Etwa 25 bis 30 Prozent der Beihilfen seien nicht mit EU-Recht vereinbar, sagte EU-Verkehrskommissarin Loyola de Palacio am Dienstag in Brüssel, ohne einen Betrag zu nennen.

Ryanair-Chef Michael O'Leary. (Foto: Foto: AP)

Insgesamt veranschlagt die Behörde die Ryanair in Form von Zuschüssen und niedrigeren Gebühren zugekommenen Beihilfen auf etwa 15 Millionen Euro. Die Entscheidung entspricht nach Berechnungen der Kommission sechs bis acht Euro je Ticket. Ob die Preise nun entsprechend steigen werden, ließ Palacio offen.

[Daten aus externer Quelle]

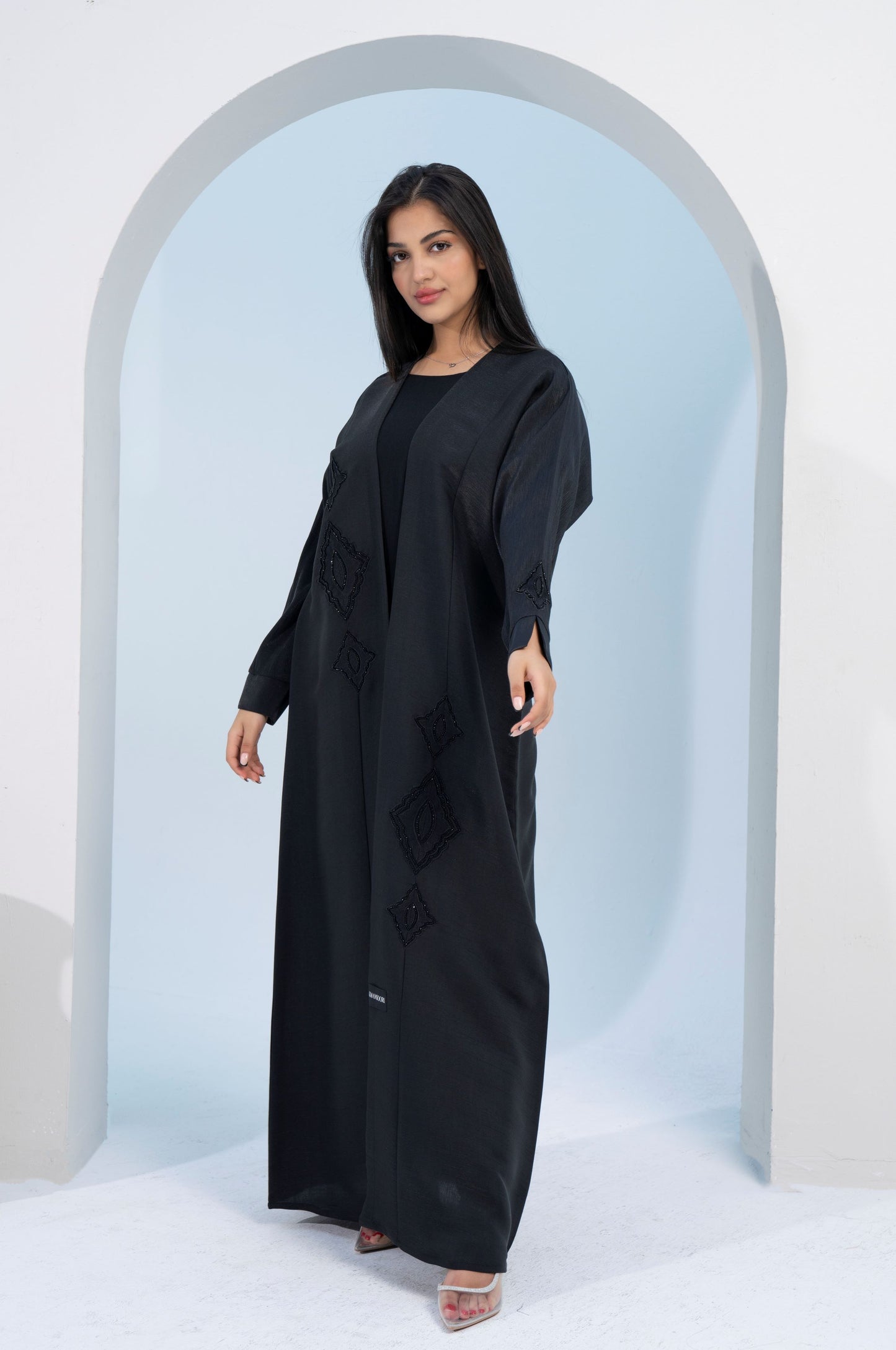 Black bisht abaya with ethnic embroidery and embellishments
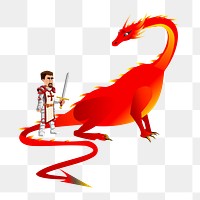 Png knight dragon clipart, transparent background. Free public domain CC0 image.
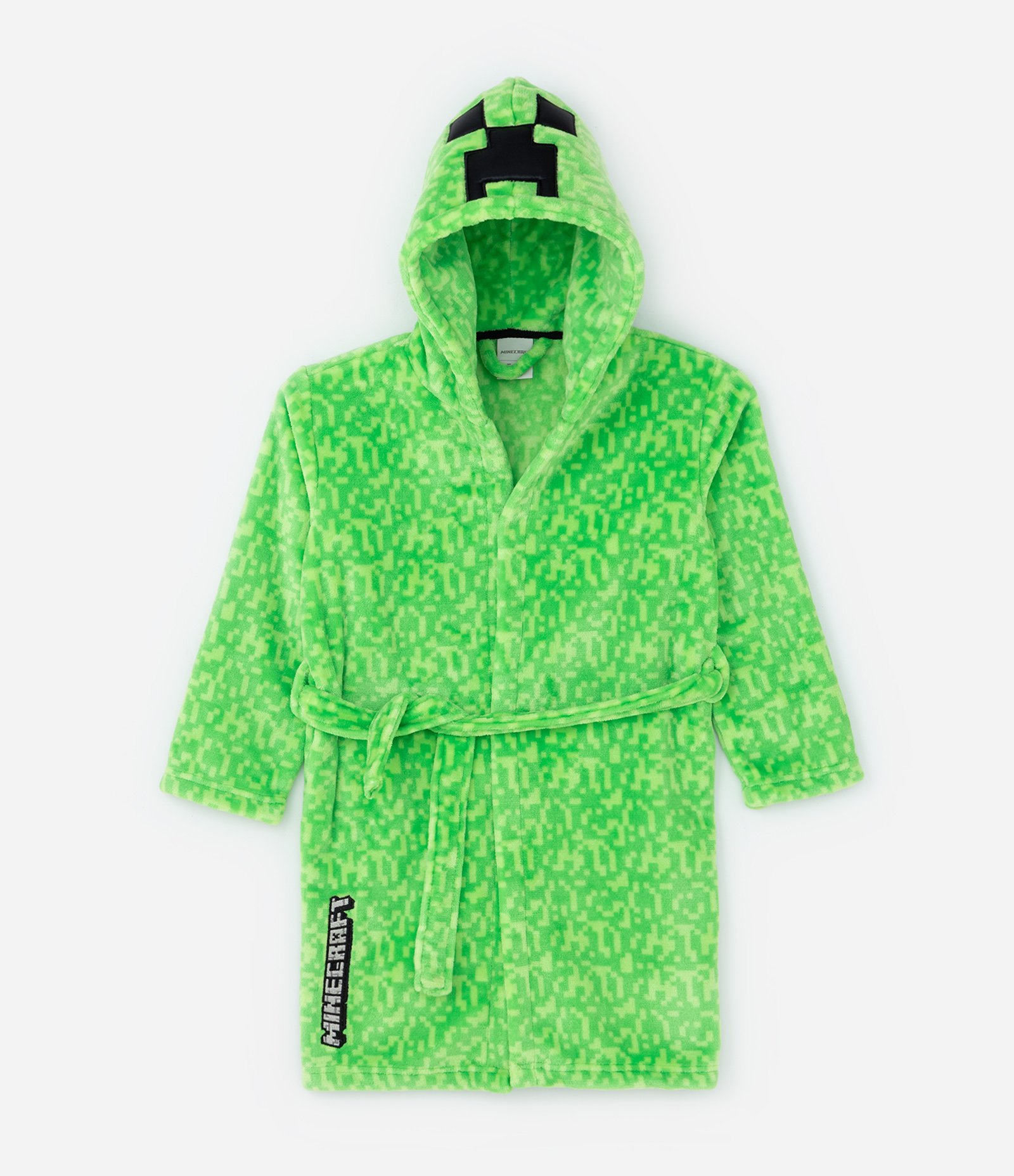 Roupão Infantil em Fleece com Estampa Minecraft -Tam 5 ao 16 Anos Verde 1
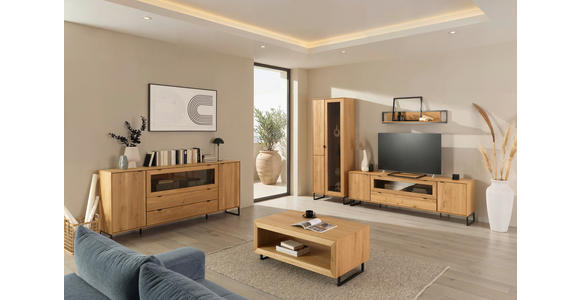 VITRINE  in furniert, massiv Eiche Eichefarben - Eichefarben/Schwarz, Natur, Glas/Holz (77/208,8/40cm) - Carryhome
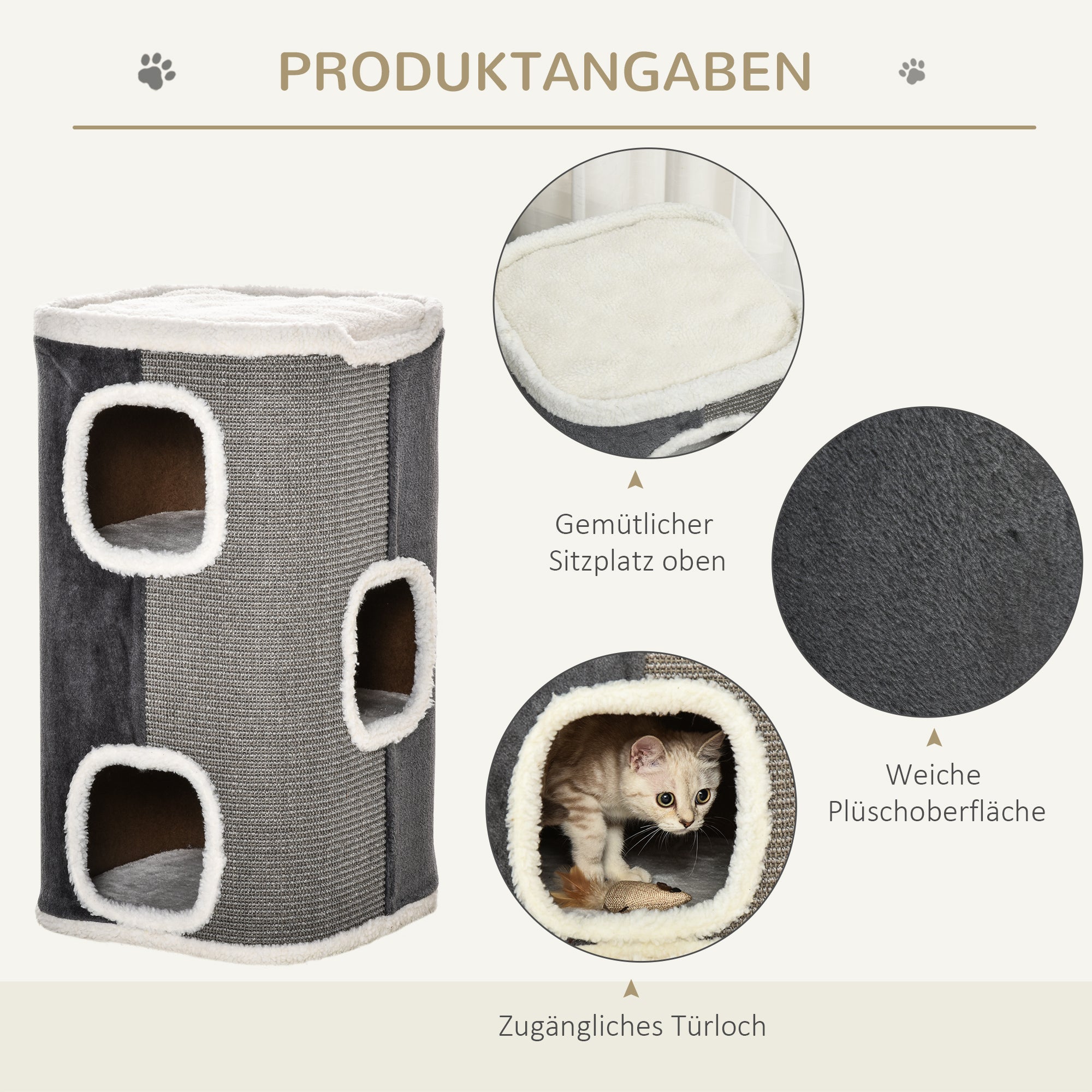 PawHut Kratztonne für Katzen Katzenkratzbaum 3 Ebenen Katzenbaum Kletterbaum für Katzen Katzenmöbel Spanplatte samtartiges Polyester Sisal Grau+Weiß 40 x 40 x 74 cm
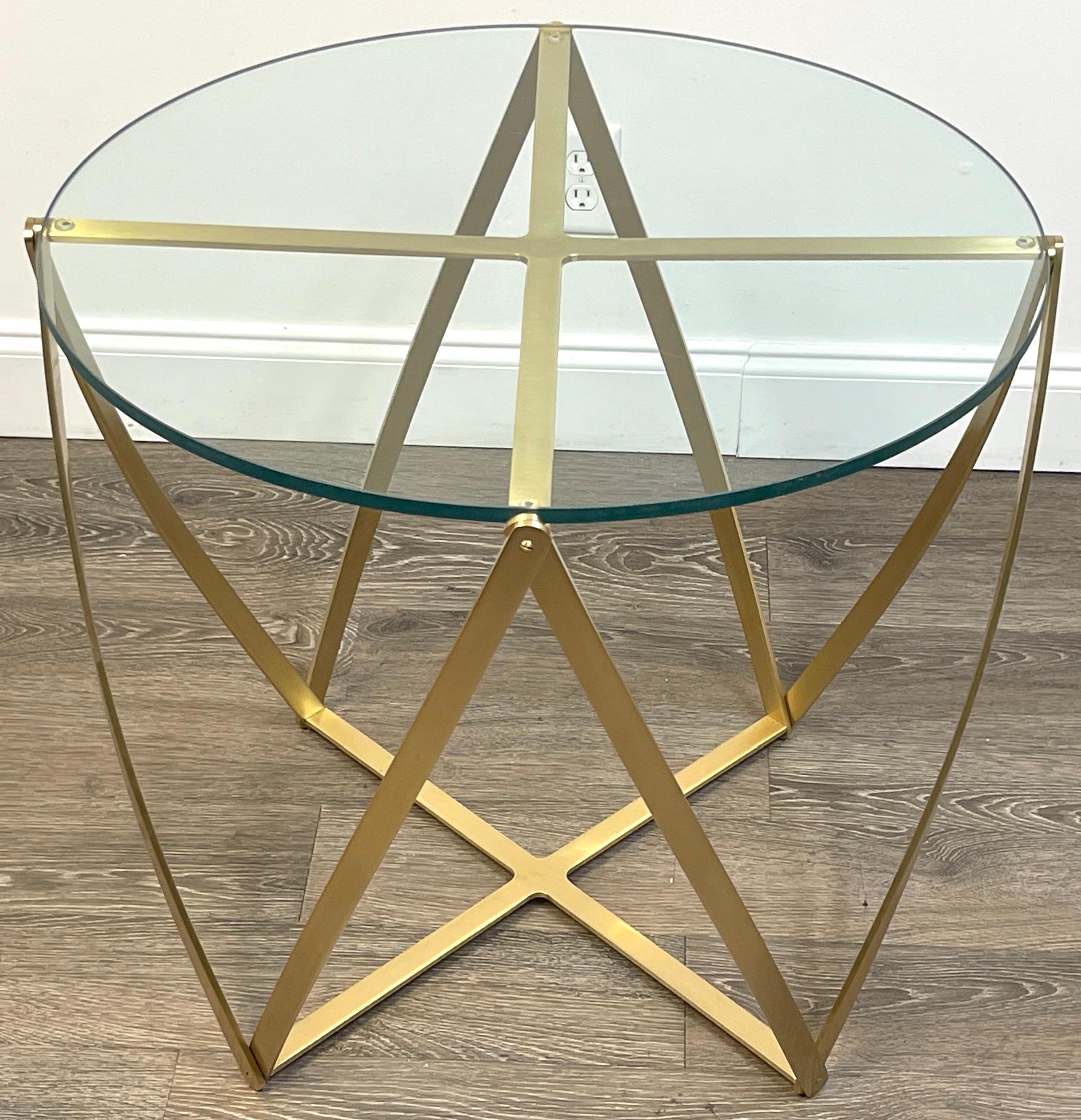 John Vesey Brass Geometric Table In Good Condition For Sale In West Palm Beach, FL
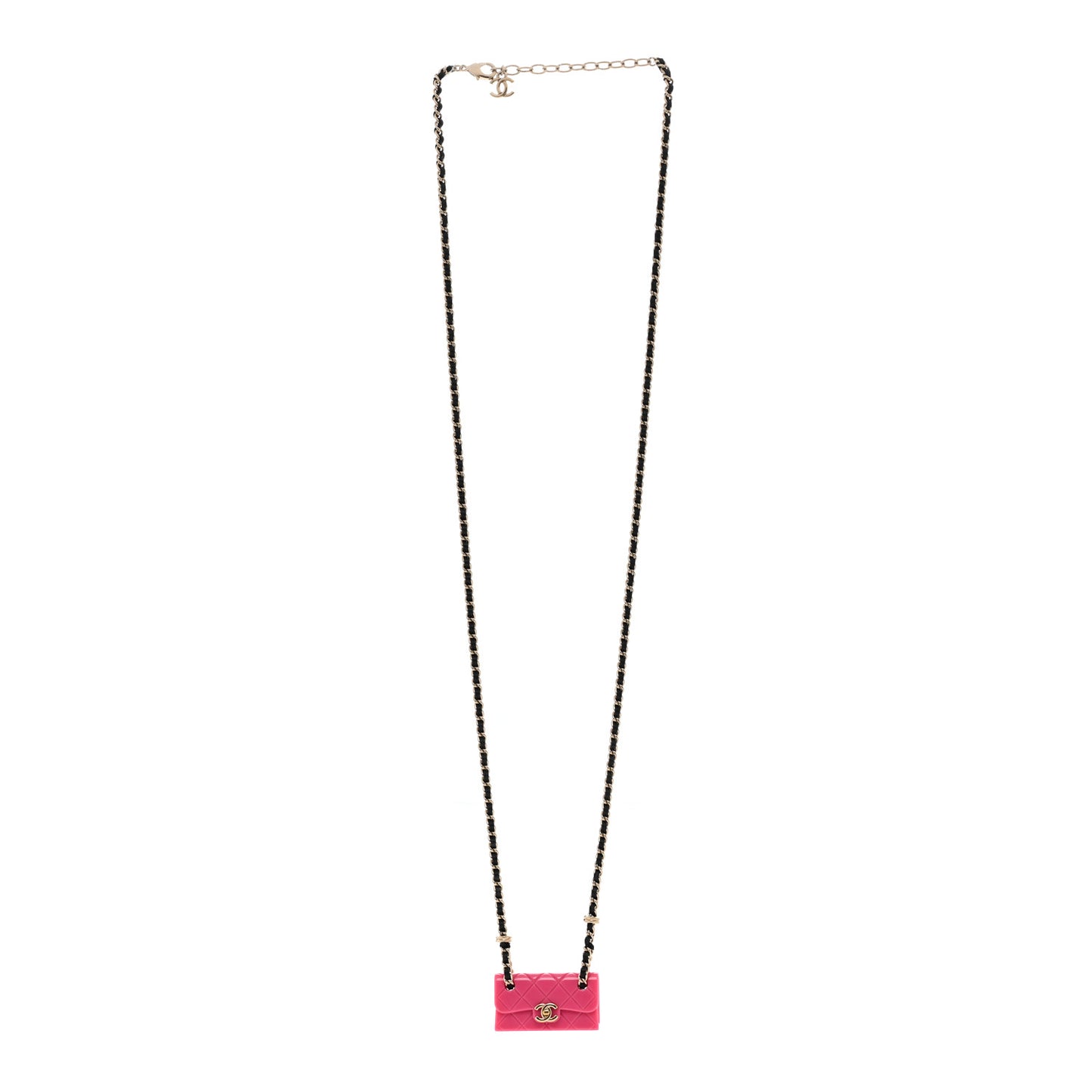 Metal Resin Lambskin Flap Bag Long Necklace Golden Pink Black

Nach Feststellung der Kommission hatten die südbelgische Region Wallonien und der Flughafen Charleroi dem Billigflieger eine lange Liste von Vergünstigungen zugestanden, von denen keine andere Fluggesellschaft profitierte.

Geheime Abmachung

So sah eine geheime Abmachung von 2001 vor, dass Ryanair nur die Hälfte der sonst üblichen Start- und Landegebühr von zwei Euro je Passagier zahlte. Nach Berechnungen der Kommission addierte sich allein dieser Rabatt auf eine Million Euro, die Ryanair nun zurückzahlen muss.

Der Flughafen förderte die Airline zudem mit vier Euro je Passagier und zahlte Zusschüsse bei der Eröffnung zusätzlicher Routen sowie die Aus- und Fortbildung des Flugpersonals.

Zudem profitierte Ryanair in Charleroi von einem Vorzugstarif bei Bodendiensten wie der Gepäckbeförderung. Statt dem für andere Linien geltenden Tarif von acht bis 13 Euro musste Ryanair in Charleroi dank der Zuschüsse aus den öffentlichen Kassen nur einen Euro je Passagier zahlen.

"Mindestens vier Millionen Euro"

Insgesamt dürfte Ryanair von 2001 bis 2003 damit gegenüber Wettbewerbern mindestens vier Millionen Euro gespart haben, rechnete die Kommission vor. In ihrer Entscheidung, die die Kommission zur Richtschnur auch für andere Beihilfen zugunsten von Billigfliegern auf Regionalflughäfen machen will, sprach die Behörde für bestimmte Zuschüsse zugleich eine Genehmigung aus.

Dies ist beispielsfall der Fall für zeitlich begrenzte Zuschüsse bei Werbeaktionen für neue Dienstleistungen oder für eine bessere Ausnutzung bereits bestehender Kapazitäten.

Das bekämen nicht nur Reisende zu spüren, sondern auch die deutschen Regionalflughäfen, die Ryanair anfliegt.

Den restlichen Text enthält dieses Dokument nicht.